Early conventional knives had straight edges that contacted each other while cutting the web of material. The constant impacting of the knives with each other resulted in excessive knife and equipment wear. Past attempts at improving the life of the knives included lubricating the knives with oil. However, getting oil on the web of material presented a cleanliness issue, especially for food applications. As such, utilizing lubricant to reduce wear of the knives is not an attractive option for many applications. In an attempt to improve the cut quality, a serrated edge on one blade was used to cut against a standard straight edge. This reduced the creation of long thin strips of paper resulting from a double cut of the inner flute material (i.e., angel hair).
Later conventional cutoff knife designs utilized serrated knives that did not physically contact each other while cutting the web of corrugated material. In the cutoff knife industry, these knives have been referred to as “non-contact knives.” The knives were aligned in such a manner that the serration tooth of one knife passed through the valley in the serration of the other knife. Utilizing non-contact knives successfully cut the web of material without the use of lubrication, and since the knives were not contacting each other, it also significantly reduced the wear on the knives and the equipment. However, as explained in detail below, these conventional serrated non-contact knives were unable to achieve a clean cut in many cases.

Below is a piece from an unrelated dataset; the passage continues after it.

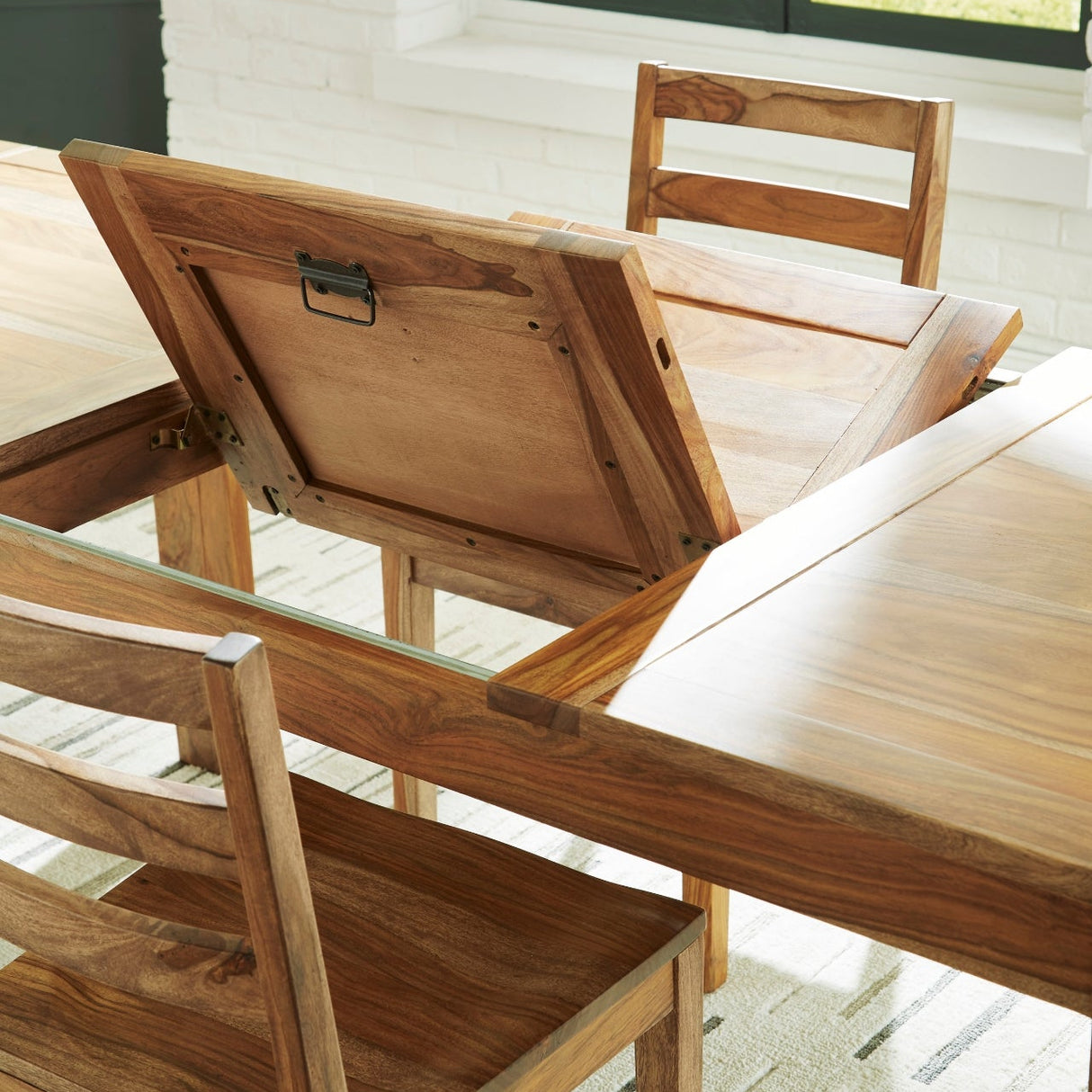 Table de salle à manger bois brune claire extensible - Dressonni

With reference to FIG. 2, a pair of conventional serrated cutoff knives 10A, 10B is illustrated with the knives 10A, 10B intermeshed. Each of the knives 10A, 10B has a serration 14 that includes a plurality of teeth 18 defined between valleys 22. Due to the method used in grinding the serration 14 into the knives 10A, 10B, the serration valleys 22 have a large radius and the teeth 18 have a flat tip 20. The mating of the tooth 18 of one knife 10A into the radiused valley 22 of the opposing knife 10B results in a variable gap 26 formed between the two knives 10A, 10B. The gap 26 includes a first clearance 30 at the tooth 18 side that is larger than a second clearance 34 at the tooth tip 20. Since a varying clearance gap 26 exists between the cutting edges of the knives 10A, 10B, the cut of corrugated material is not clean and results in fibers being pulled instead of cut. This created a “fuzzy” edge on the cut corrugated material that is a common problem referred to as “fiber pull.” The cutting quality becomes even more of a problem when the cutoff knives in FIG. 2 are utilized in a corrugated material application that requires reinforcement tape. In these instances, the reinforcement tape, which is made up of fibers and adhesive, does not cut cleanly due to the variable clearance gap 26 formed by the intermeshed serrations 14.
With reference to FIG. 3, another pair of conventional serrated cutoff knives 50A, 50B is illustrated with the knives 50A, 50B intermeshed. Each of the knives 50A, 50B has a serration 54 that includes a plurality of teeth 58 defined between valleys 62. Each tooth 58 includes a flat apex 66 while the valleys 62 include a radius. The mating of the flat tooth 58 of one knife 50A into the radiused valley 62 of the opposing knife 50B results in a variable gap 70 formed between the two knives 50A, 50B. When the conventional serrated cutoff knives 50A, 50B are mated together, the large flat 66 defines a first clearance 74 that is larger than a second clearance 78 at the tooth 58 side. While the knives of FIG. 3 allow for a smaller clearance along the tooth 58 sides than the knives of FIG. 2 (i.e., clearance 78 of FIG. 3 is smaller than clearance 30 of FIG. 2), there is still a large clearance 74 between the tooth flat 66 and the radiused valley 62. As such, since a varying clearance gap 70 exists between the cutting edges of the knives 50A, 50B, the cut of corrugated material is not clean and results in fibers being pulled instead of cut.